Have you ever asked yourself why bad things often seem to happen to some of the most well meaning and kindest people we know? Why is that? Moreover, why do bad things happen to godly people? It is a good question.
I was at a recent gathering of Christian men where that question was asked aloud. Several answers were offered, most of which came down on the side of seeing such events as evidence of one or two things. Bad things happen because God is angry with us because of sin or more prominently (at least for some in this group) a lack of faith on our part. Faith in God’s ability and willingness to heal, comfort, build up, relieve etc.

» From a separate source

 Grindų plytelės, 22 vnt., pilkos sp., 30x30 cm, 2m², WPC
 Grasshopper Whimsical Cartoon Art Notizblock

Now at first hearing both sound like reasonable answers and the second even seems to have some support from St. James. However, I think that if we consider them (the questions) in light of tota scriptura we come up with a very different answer. I would like to explore that here, briefly.
Let me start my exploration with this observation. We do not, and cannot, gain merit with God by our obedience any more that our own children gain ours by theirs. Healthy familial relationships simply do not work that way. God does love our obedience, but He loves it, for Christ sake, as the obedience of a child to a parent. Therefore, there is no merit involved.
Yet that does not seem to move us towards an answer does it, or does it? It does actually, for if correct it rules out the first (apparent) answers right away.
So what can we say, or better yet what does scripture say? A good place to start, one of the best places to start, is the opening verses of Paul’s second letter to the Corinthians. There, having recounted his own experiences with despair, what he calls “the sentence of death in our self” goes on to explain what he learned from it. So what did he learn? He learned that such things happen (to Paul and to us) so that we can learn to trust the God Who raises the dead back to new life.
Therefore, we can say that while bad things happen to Christians they do not happen because we have failed in our attempts to manipulate God or to curry his favor by our faith or obedience. Rather they happen because He loves us and wants us to be like Jesus, who learned the same lesson Paul did, but before Paul. Simply put the Christian life is a life full of dying and resurrection. It is what makes us like Jesus.